Task data »
• • •
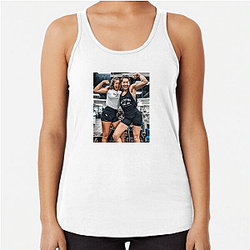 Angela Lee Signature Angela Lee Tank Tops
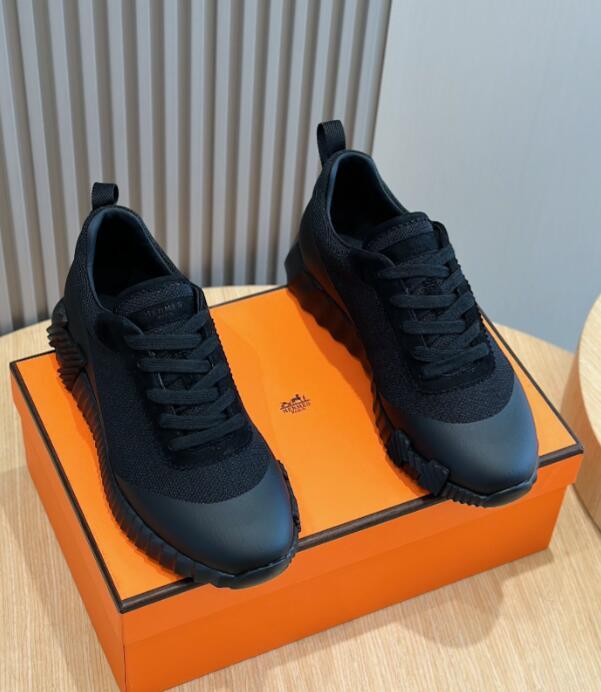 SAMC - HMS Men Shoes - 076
• • •
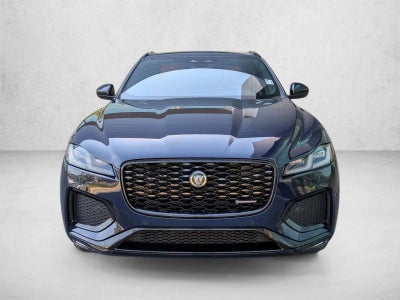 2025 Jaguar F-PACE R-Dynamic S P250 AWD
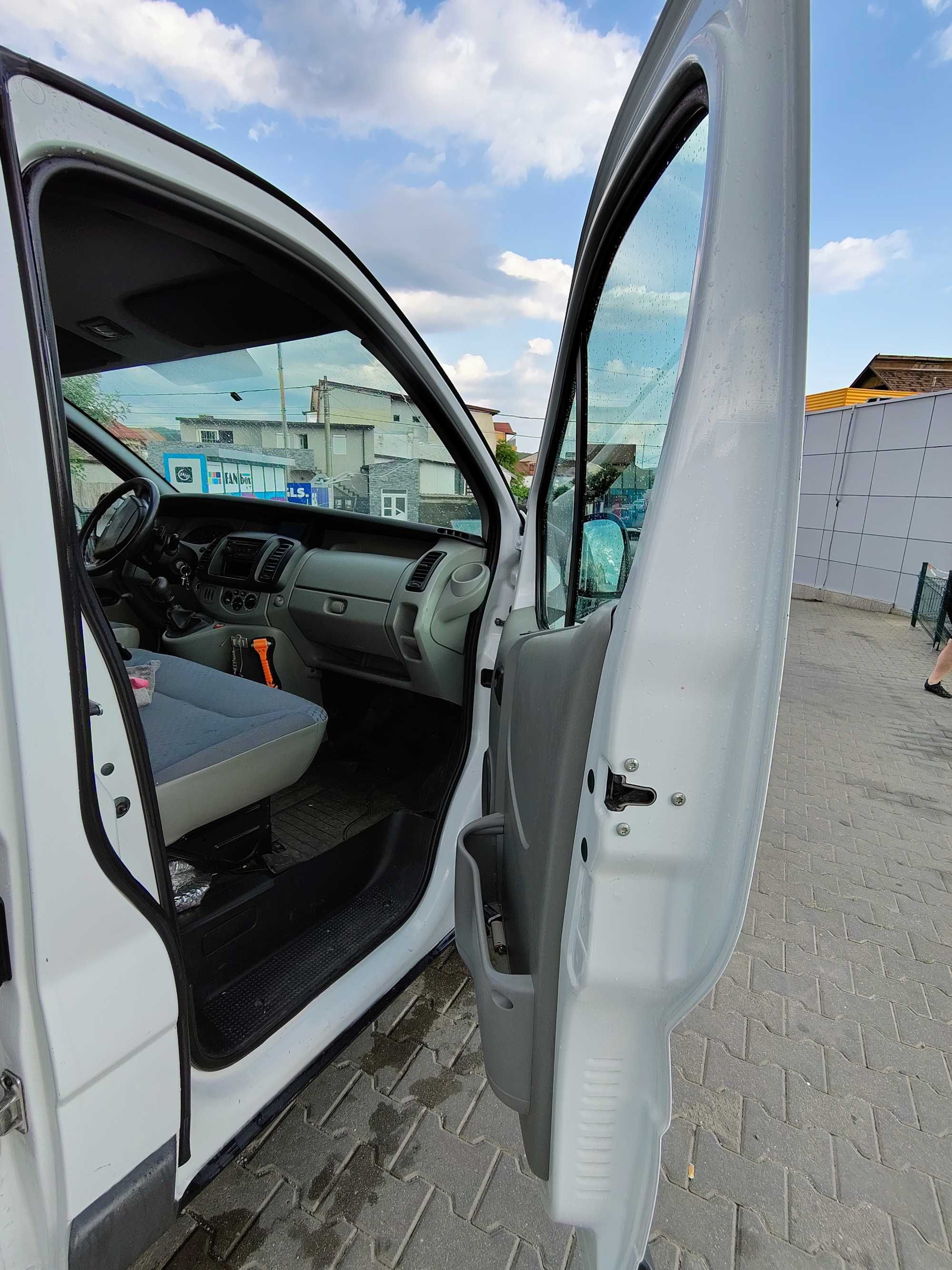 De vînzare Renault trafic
• • •
Problem to solve » The lines to reproduce run from the one above containing "Angela Lee Signature Angela Lee Tank Tops" through the one containing "SAMC - HMS Men Shoes - 076". Copy them exactly and leave out all pictures.

Expected output »
 Angela Lee Signature Angela Lee Tank Tops
 SAMC - HMS Men Shoes - 076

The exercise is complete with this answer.